Information supplied.
----

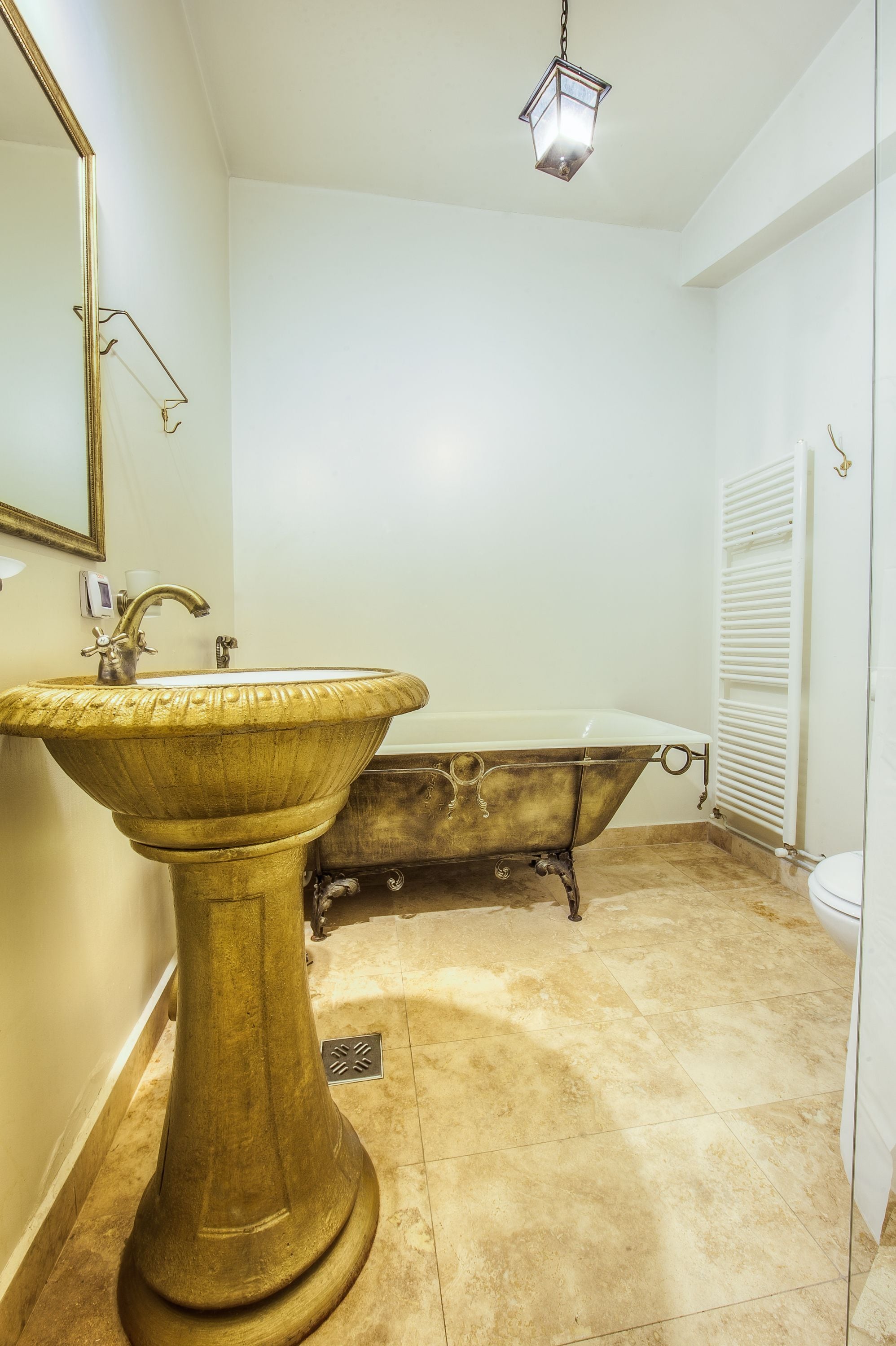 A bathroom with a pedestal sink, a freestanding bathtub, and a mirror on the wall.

----

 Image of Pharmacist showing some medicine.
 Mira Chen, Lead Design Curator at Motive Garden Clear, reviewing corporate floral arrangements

----

Please return only the lines above, starting at the line that has "Image of Pharmacist showing some medicine." and ending at the line that has "Mira Chen, Lead", keeping both and leaving each one unchanged.

Solution.
 Image of Pharmacist showing some medicine.
 Mira Chen, Lead Design Curator at Motive Garden Clear, reviewing corporate floral arrangements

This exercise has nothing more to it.